Em 2018, legisladores na Islândia propuseram a proibição da circuncisão de meninos. Para os apoiadores, foi uma vitória fácil. Os apoiadores viam a circuncisão como uma forma de abuso infantil, e não havia nenhum lado negativo na legislação.[1]
Para algumas pessoas em minoria, no entanto, a proibição da circuncisão pode trazer danos duradouros em termos de abusos contra os direitos humanos. Por exemplo, a proibição da circuncisão é uma proibição de fato do judaísmo, pelo menos da variedade ortodoxa.
Este fato não é suficiente para dissuadir alguns apoiadores da proibição da circuncisão, e a legislação islandesa “insiste que os ‘direitos da criança’ sempre excedem o ‘direito dos pais de dar orientação aos seus filhos quando se trata de religião’”.
A Islândia não está sozinha em considerar leis que colocam a maioria contra práticas alegadamente bárbaras de um grupo minoritário.[2] Na Holanda, por exemplo, ativistas dos direitos dos animais trabalham arduamente para tentar proibir as carnes kosher e halal.[3] Enquanto isso, em Quebec, os legisladores proibiram o uso de coberturas na cabeça por mulheres – presumivelmente muçulmanas – em certos locais públicos.[4]
O debate sobre a circuncisão também não se limita à Islândia. A circuncisão masculina tem sido questionada legalmente na Alemanha nos últimos anos, onde um tribunal proibiu a prática em 2012.[5] Talvez reconhecendo que proibir o judaísmo poderia não soar bem para as alegações alemãs modernas de “tolerância”, os legisladores intervieram para permitir a prática novamente.
Para os sujeitos deste regulamento, as atividades visadas não são meras preferências. Elas envolvem valores fundamentais e apresentam um claro conflito com outros sistemas de valores. Em casos como estes, em que não há espaço aparente para concessões, quais valores devem prevalecer?
Democracia não resolve disputas culturais
Na maior parte do Ocidente, é claro, todos somos ensinados desde cedo que a democracia fará tudo dar certo. As partes em conflito entrarão em “diálogo”, chegarão a um “meio-termo” e, no final, todos ficarão felizes e em paz.
Mas, não é assim que funciona na vida real. Embora existam algumas áreas de concessão que podem ser encontradas nas margens de questões como valores morais e identidade étnica, o fato é que, no final, as carnes kosher são legais ou não são. A circuncisão ou é legal, ou não é. O aborto ou é legal, ou não é. As cirurgias de “transição” transgênero para crianças ou são legais, ou não são.
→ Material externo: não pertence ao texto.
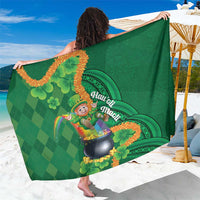 St Patrick's Day Hawaii Sarong Hauoli Maoli Funny Shaka Leprechaun LT14 One Size 44 x 66 inches Green - Polynesian Pride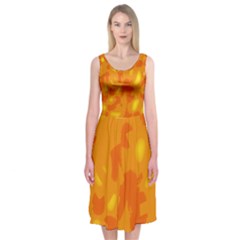 Orange decor Midi Sleeveless Dress from ArtsNow.com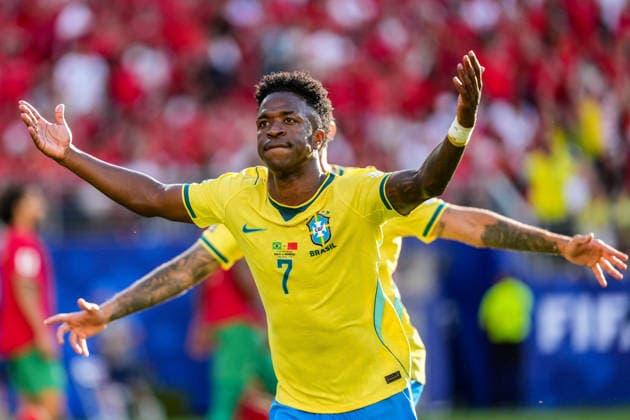 Vinicius Junior of Brazil celebrates after scoring Brazil s first goal during a group stage match of the 2026 FIFA Men s World Cup between Brazil and Morocco at New York Stadium in New Jersey on June 13, 2026. Richard Callis Fotoarena (Richard Callis SPP)  Copyright: xRichardxCallisx xSPPx spp-en-RiCa-2961226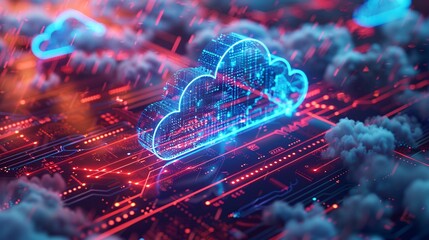Isometric illustration of cloud storage for downloading, representing a digital service or application facilitating data transmission. It embodies network computing technologies, showcasing a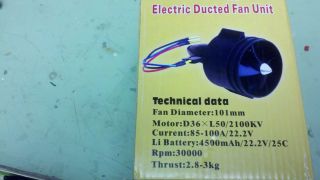 EDF 101mm 6S LiPo Jet Electric Ducted Fan Unit with Motor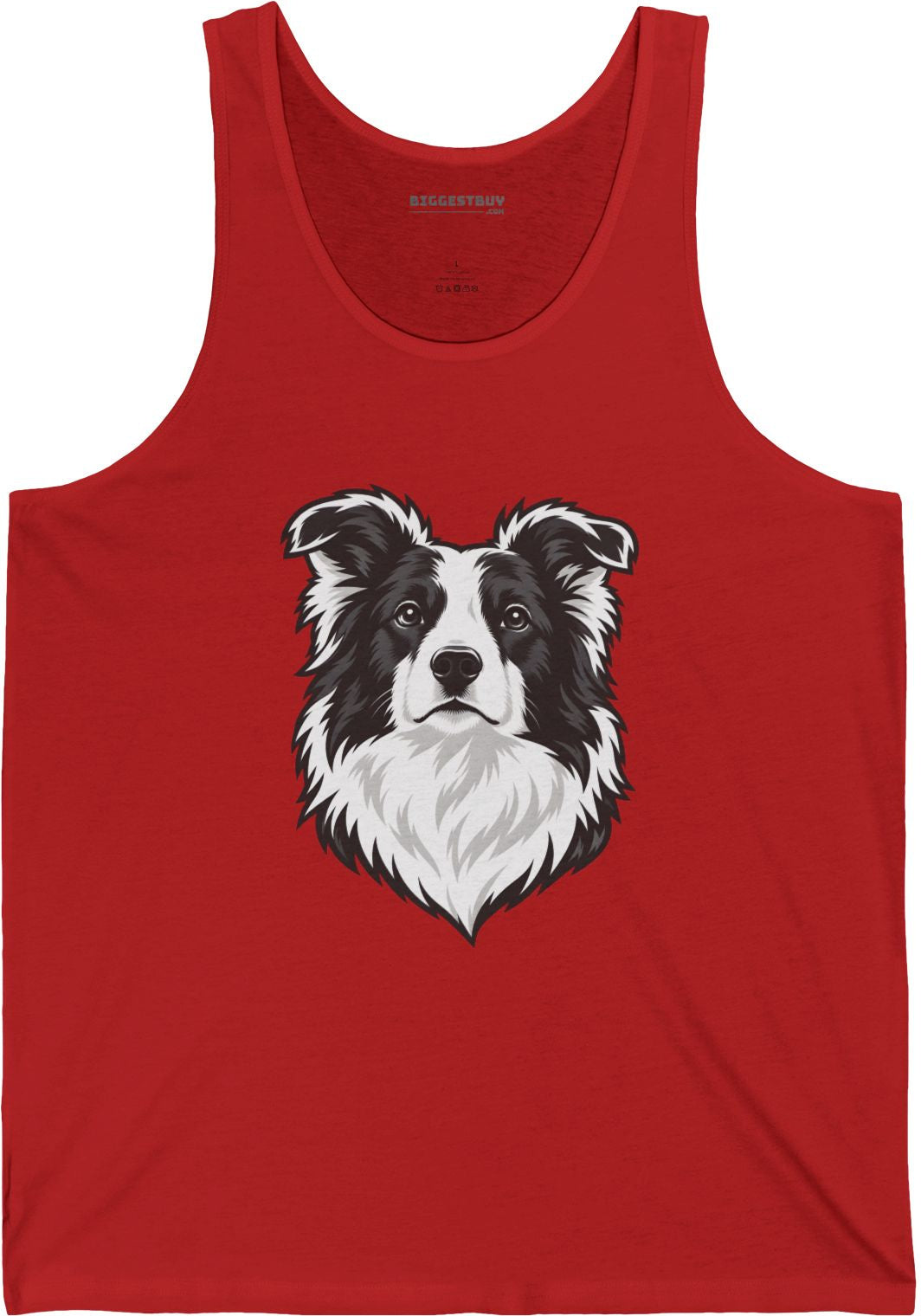 Collie Crest - Jersey Tank Top in Red, front view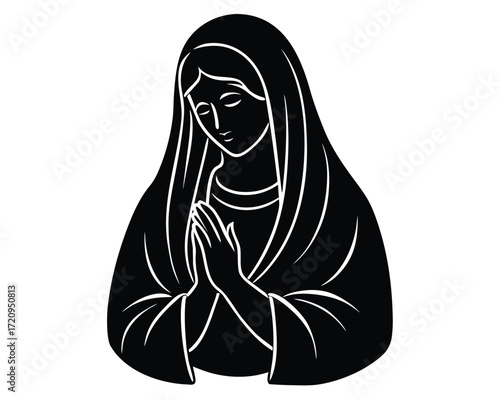 mary praying vector Illustration on black color and white background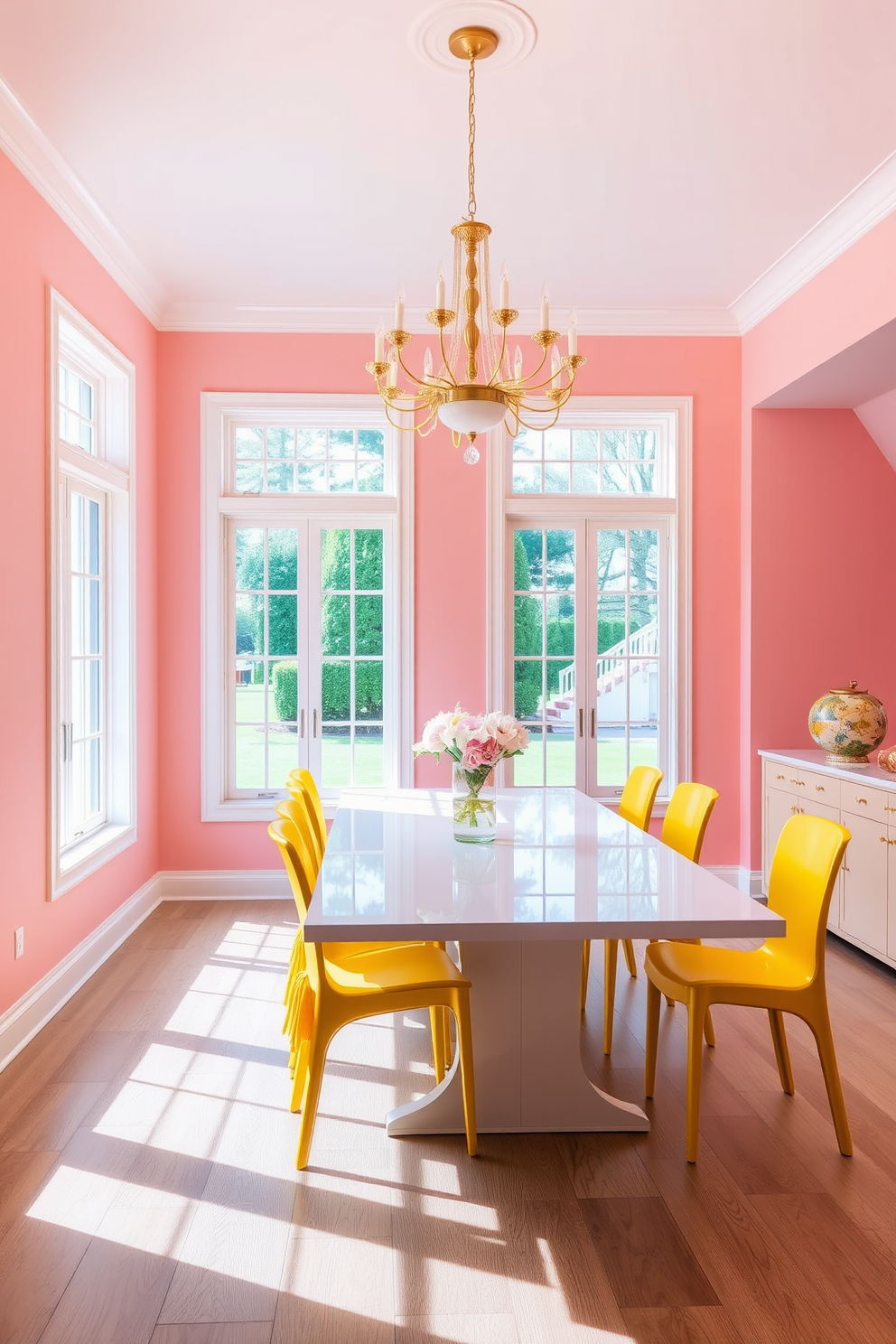 A bright and inviting dining room featuring walls painted in a soft pastel pink. The room is accented with vibrant yellow dining chairs around a sleek white table, creating a cheerful and modern atmosphere. Large windows allow natural light to flood the space, enhancing the warm color palette. A statement chandelier in a gold finish hangs above the table, adding elegance and charm to the setting.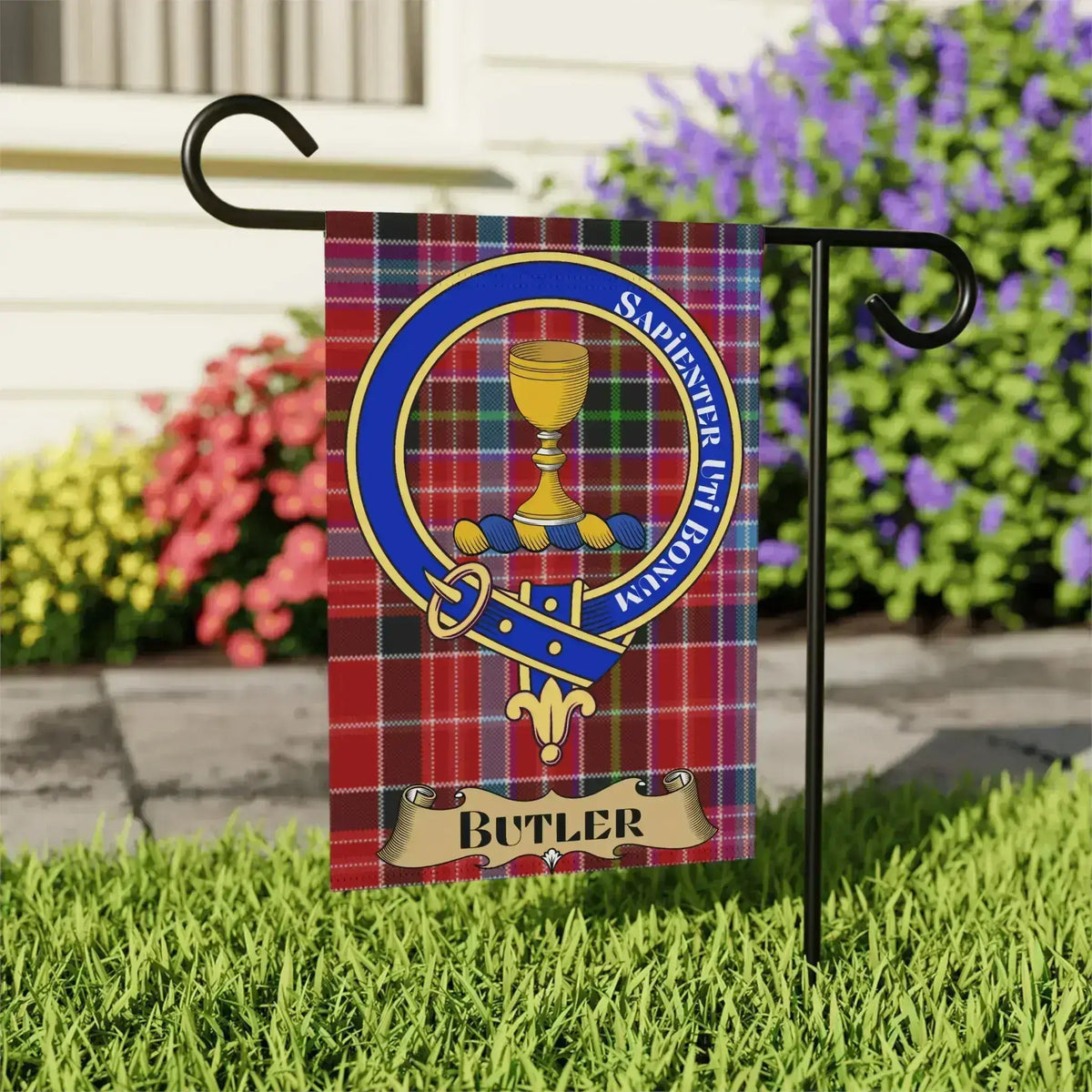 Butler tartan garden flag shown in 12x18 and 24x32 inch sizes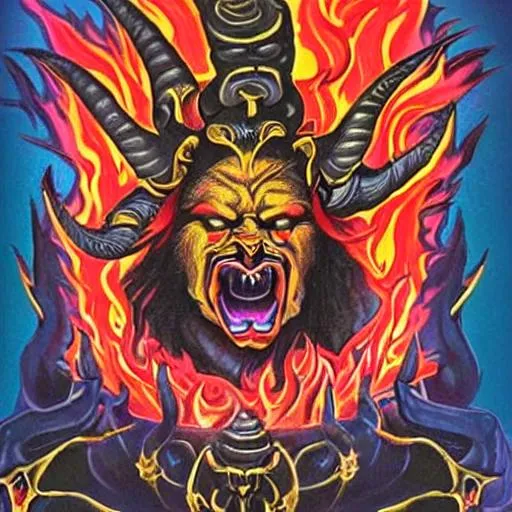 Prompt: Image of a shrine to a great & terrible God. Horrific. Hideous. The embodiment of rage and cult control. Enshrined Symmetric abstracted icon of a stylized vengeful Satanic god of partying, Enshrined by Flames. Mouth agape and angry. Worship. Fear. Awe. Goat-like. Spiteful mirth.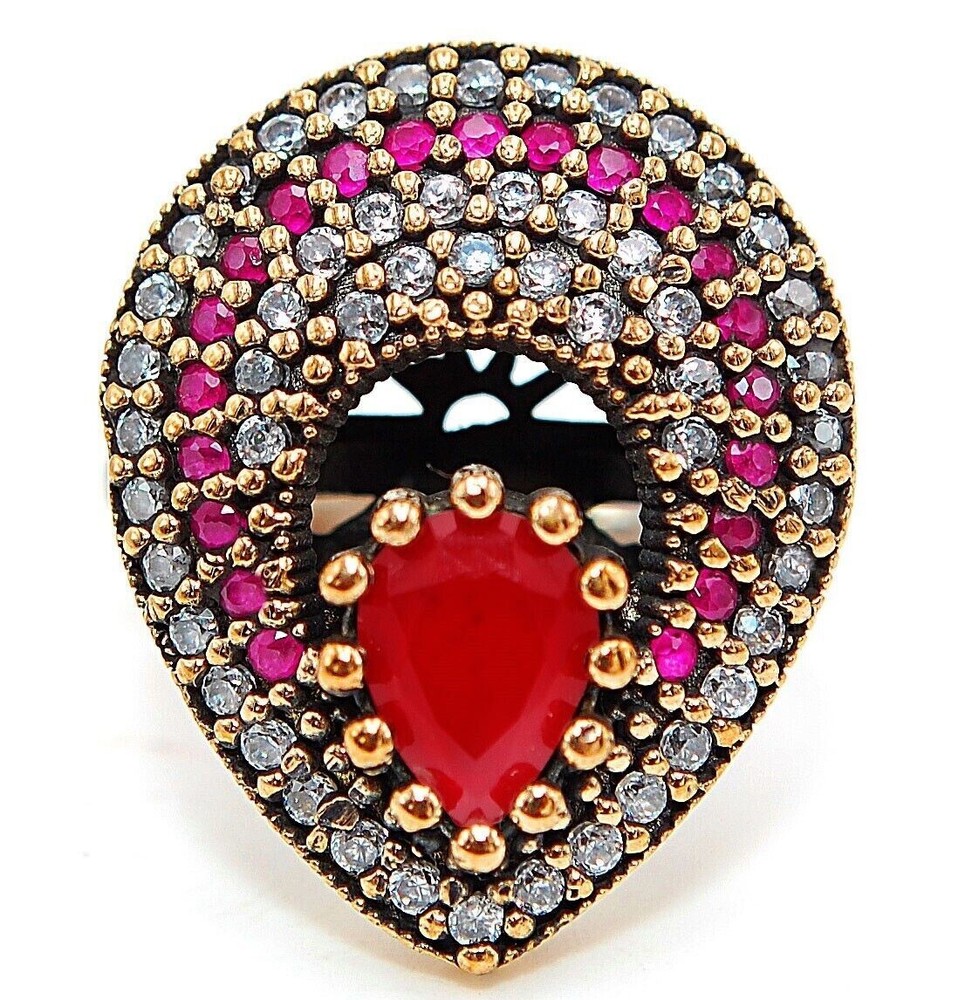 4CT Fire Garnet & Topaz Ottoman Empire Style 925 Silver Ring Size 7  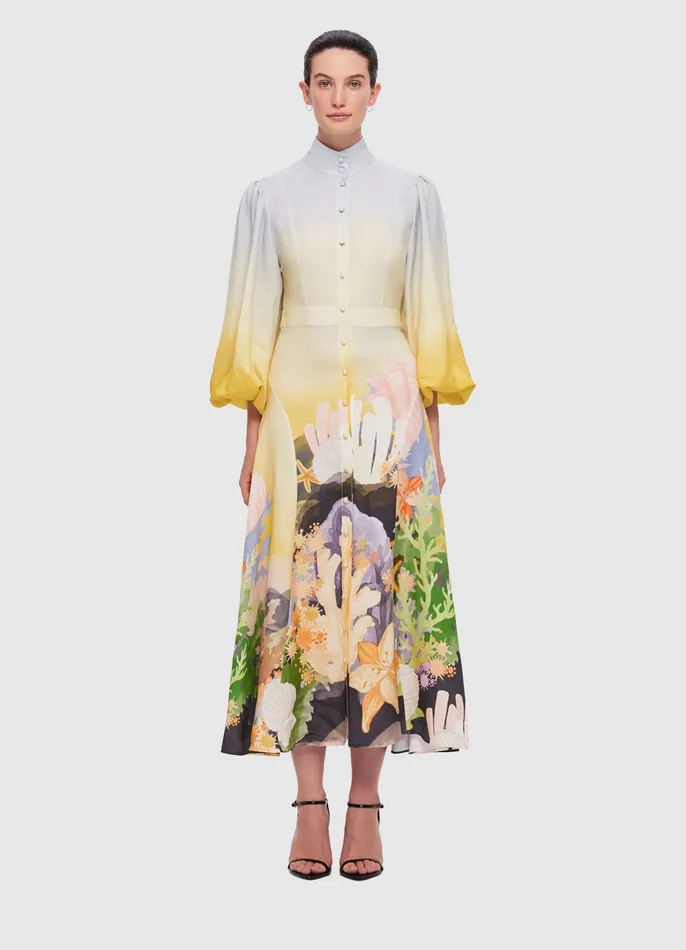 Dresses and Jumpsuits Women LEO LIN Nellie Midi Dress 8211 Neptune Print in Seashell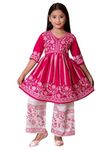 NEW JON Girl's Embroidered Cottom Kurti & Palazzo Set (Pink, Size: 6-7 Years)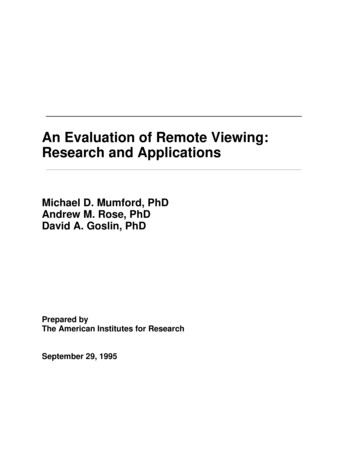 An Evaluation Of Remote Viewing: Research And Applications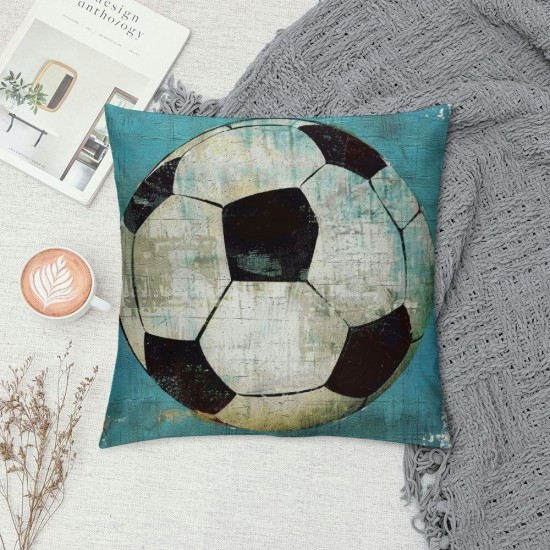 Qinduosi Vintage Soccer Pillow Cover Inch Throw Pillow Case Personalized Square Pillow Sham Linen Decoration New Home Men Women Boys Girls Sofa Couch Bed (Football)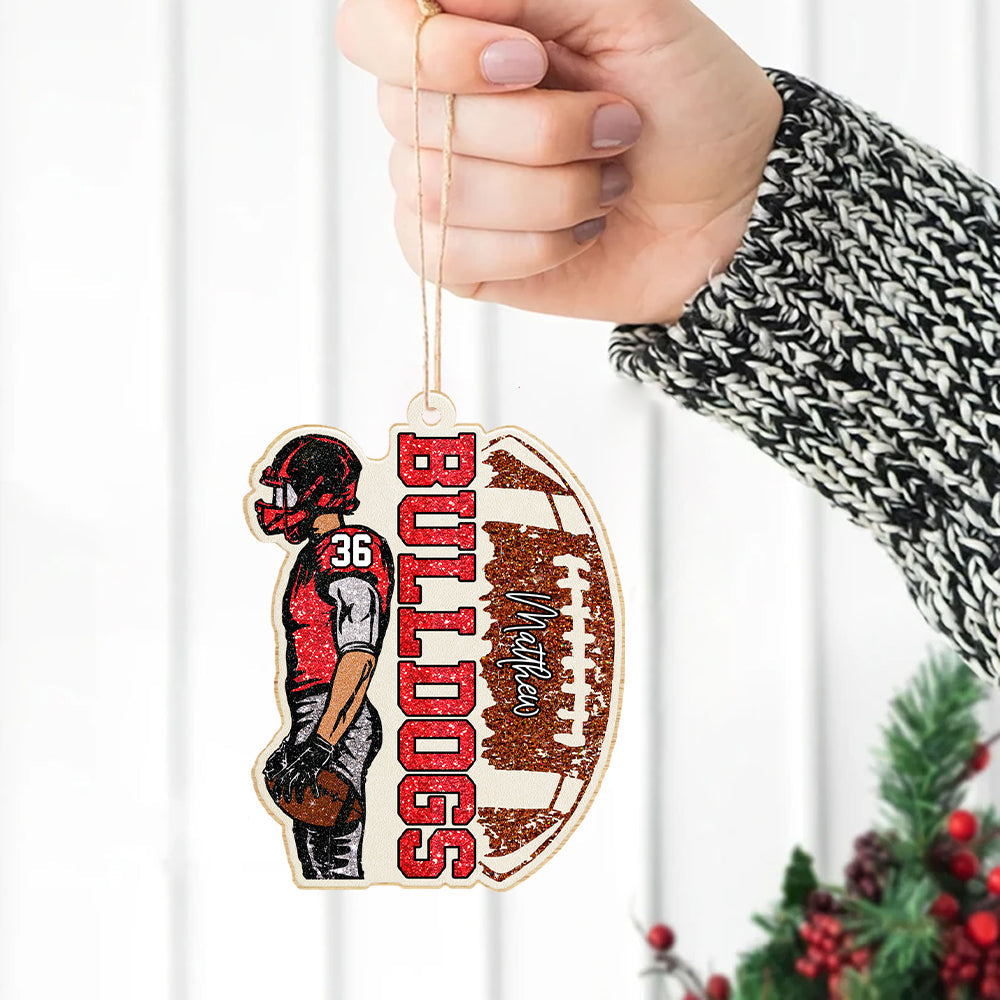 Matching Football Player - Personalized Wooden Ornament Football Game Day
Afinal, se um grupo de pessoas acredita que um feto de 3 meses é um parasita que invadiu a mãe, essas pessoas vão encontrar pouco espaço para concessão com um grupo de pessoas que pensam que o mesmo feto é uma pessoa que merece proteção legal.
Dinâmica semelhante está presente em casos envolvendo direitos dos animais, circuncisão e véus no rosto. Um lado acha que seu lado é a única opção aceitável para pessoas virtuosas e racionais. “Virtude”, é claro, pode ser definida de várias maneiras. Alguns estão tão cegos por seus vieses culturais que, de fato, chegam a concluir que nenhuma pessoa “civilizada” poderia acreditar que, digamos, a circuncisão é algo diferente de uma prática bárbara. Aqueles que continuam a acreditar em tais coisas, devem, portanto, ser forçados a vir “para o século XXI” pelo poder coercitivo do estado. Suas crenças religiosas, como Hillary Clinton exigiu em 2015, “precisam ser mudadas”.[6]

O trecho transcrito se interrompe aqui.